- **RECORDS FOR THIS EXERCISE**
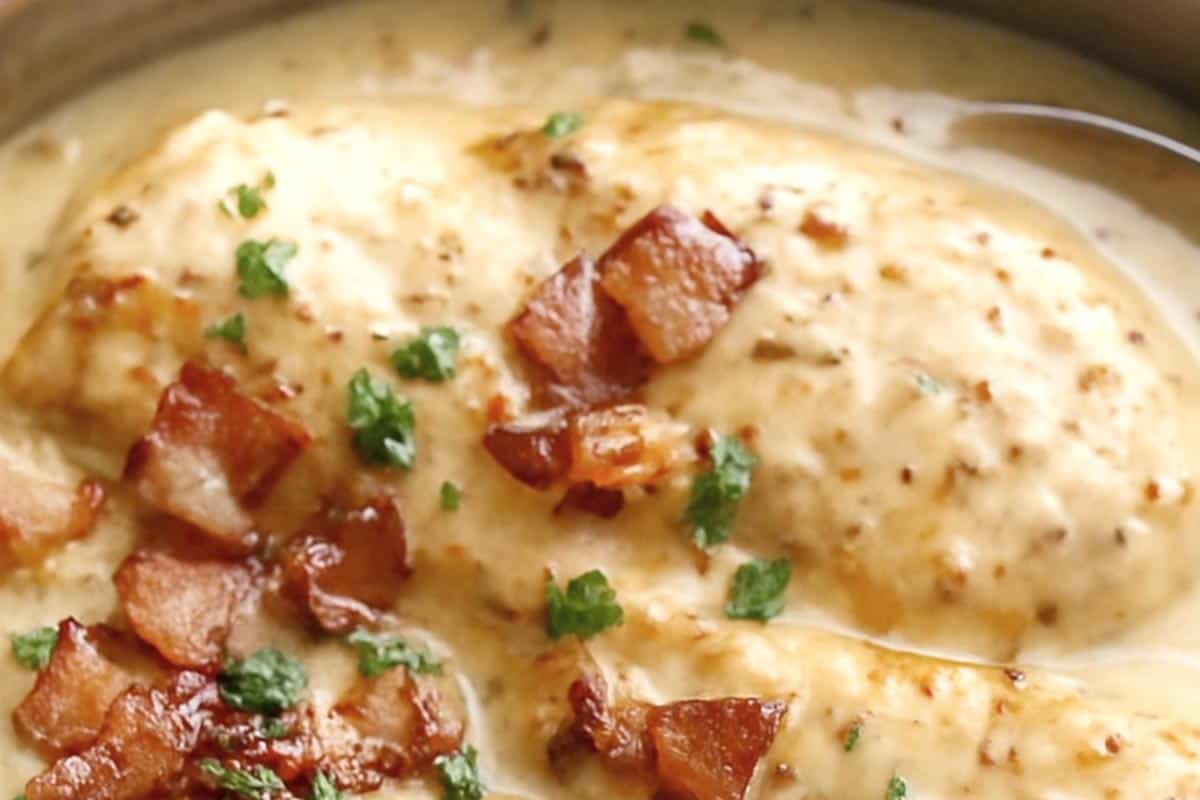 Chicken covered with thickened sauce topped with the crispy bacon and chopped parsley.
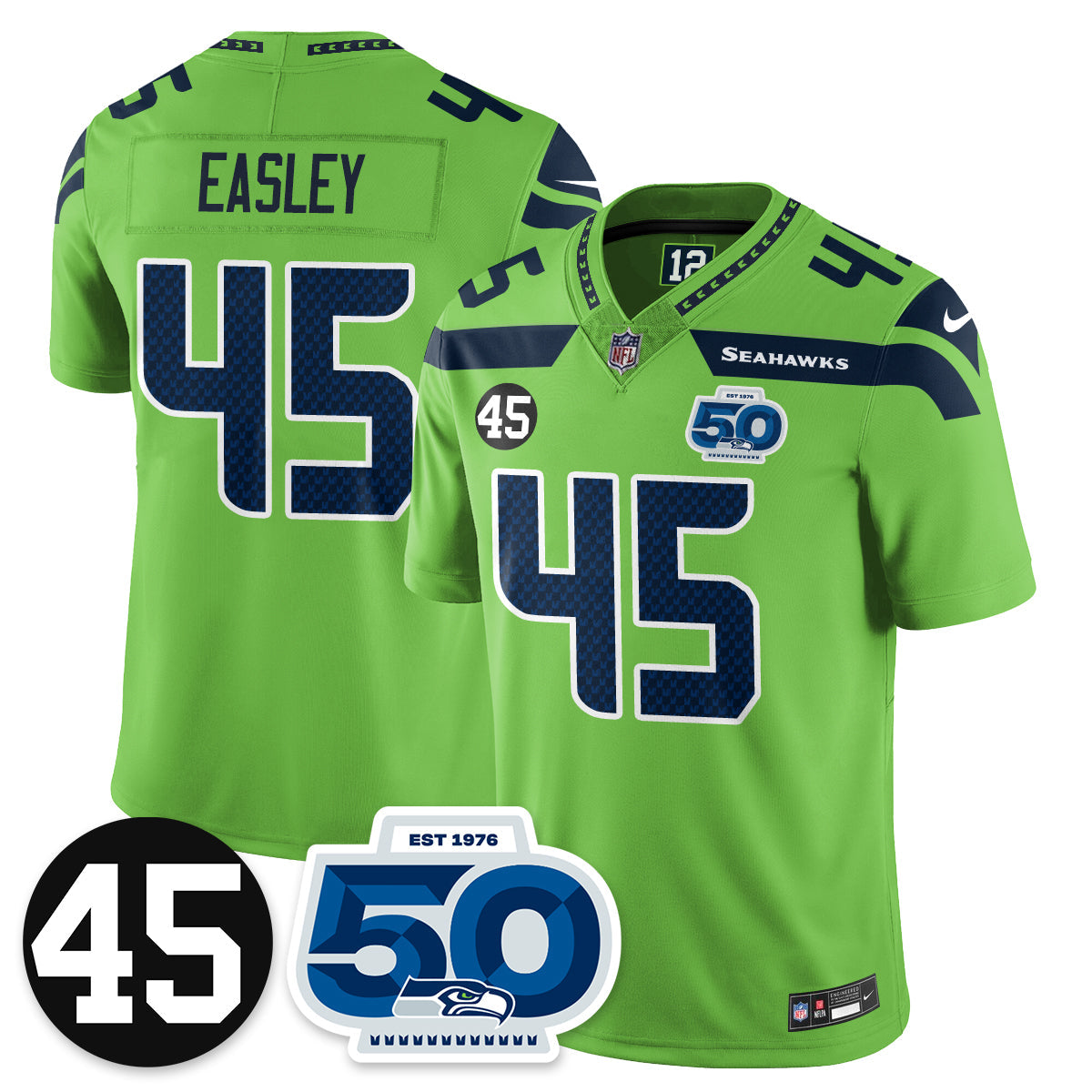 SEA Vapor Limited Jersey - Honor Kenny Easley - All Stitched-DTD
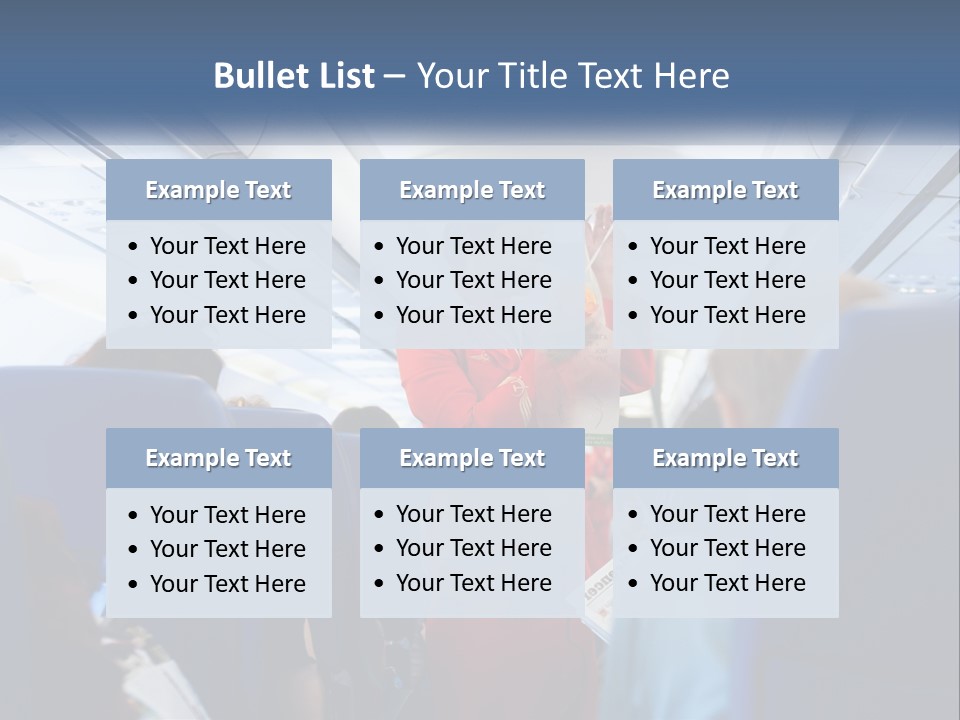 A Woman In A Red Suit Is On An Airplane PowerPoint Template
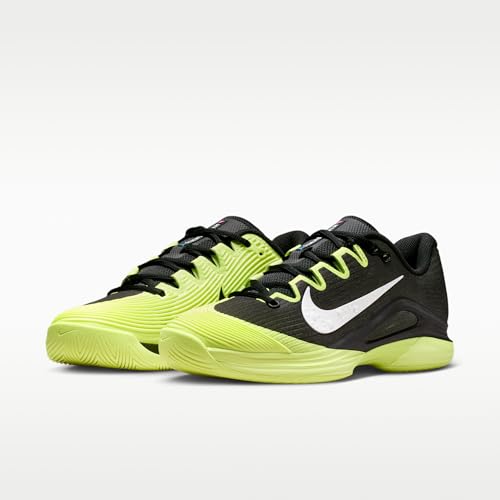 Nike Vapor 12 Women's Hard Court Tennis Shoes (Black/Light Lemon Twist/Blue Ribbon Heather/White) Size 9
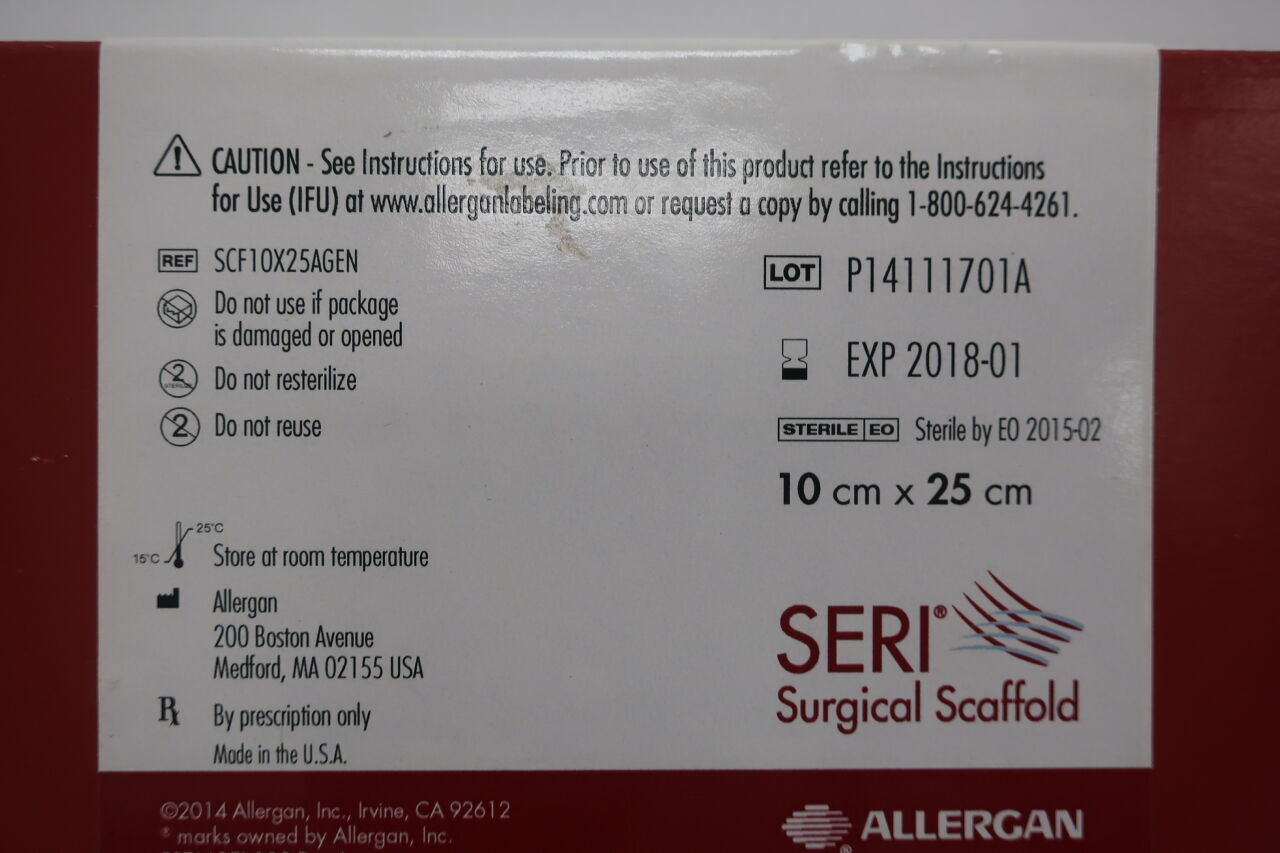 SCF10X25AGEN - ALLERGAN - SERI SURGICAL SCAFFOLD Implant, 10cm X 25cm, (BX/1) - ( Expiry Date: 2017-11-01 )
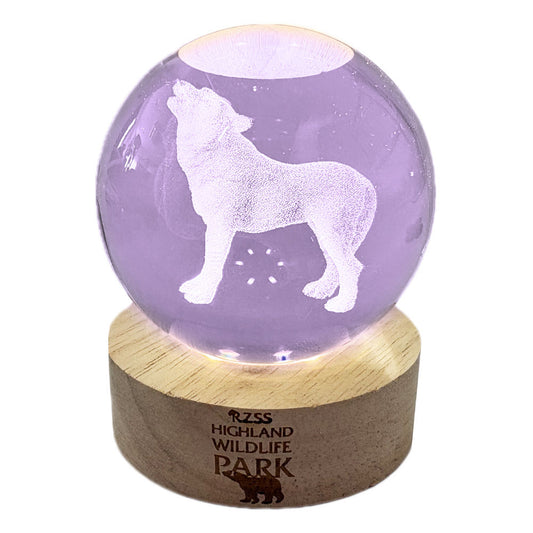 Highland Wildlife Park Wolf Light Up Crystal Globe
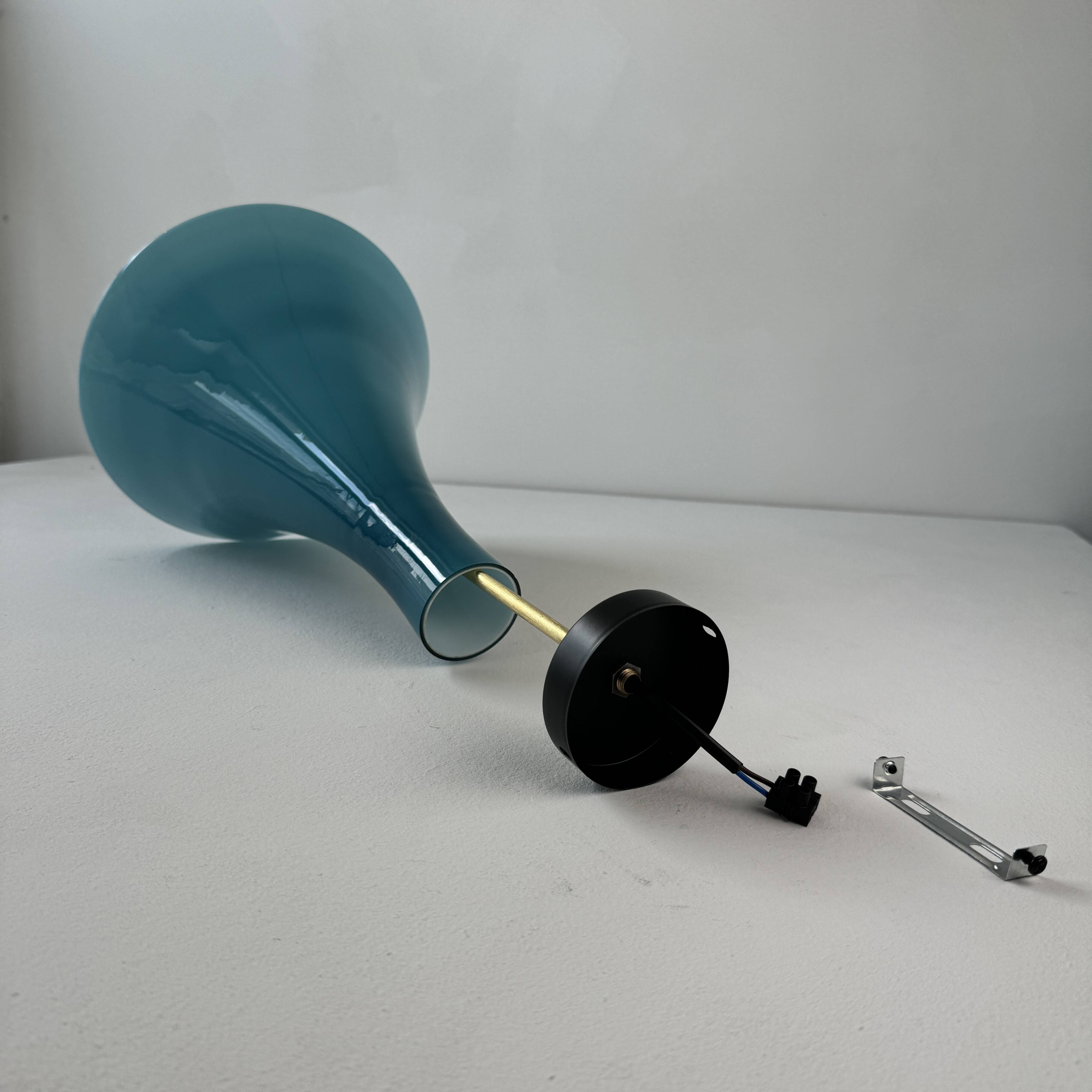 Old vintage blue opaline pendant light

- **AIM OF THE EXERCISE**
Copy every record exactly; no pictures.

- **YOUR SOLUTION**
 Chicken covered with thickened sauce topped with the crispy bacon and chopped parsley.
 SEA Vapor Limited Jersey - Honor Kenny Easley - All Stitched-DTD
 A Woman In A Red Suit Is On An Airplane PowerPoint Template
 Nike Vapor 12 Women's Hard Court Tennis Shoes (Black/Light Lemon Twist/Blue Ribbon Heather/White) Size 9
 SCF10X25AGEN - ALLERGAN - SERI SURGICAL SCAFFOLD Implant, 10cm X 25cm, (BX/1) - ( Expiry Date: 2017-11-01 )
 Highland Wildlife Park Wolf Light Up Crystal Globe
 Old vintage blue opaline pendant light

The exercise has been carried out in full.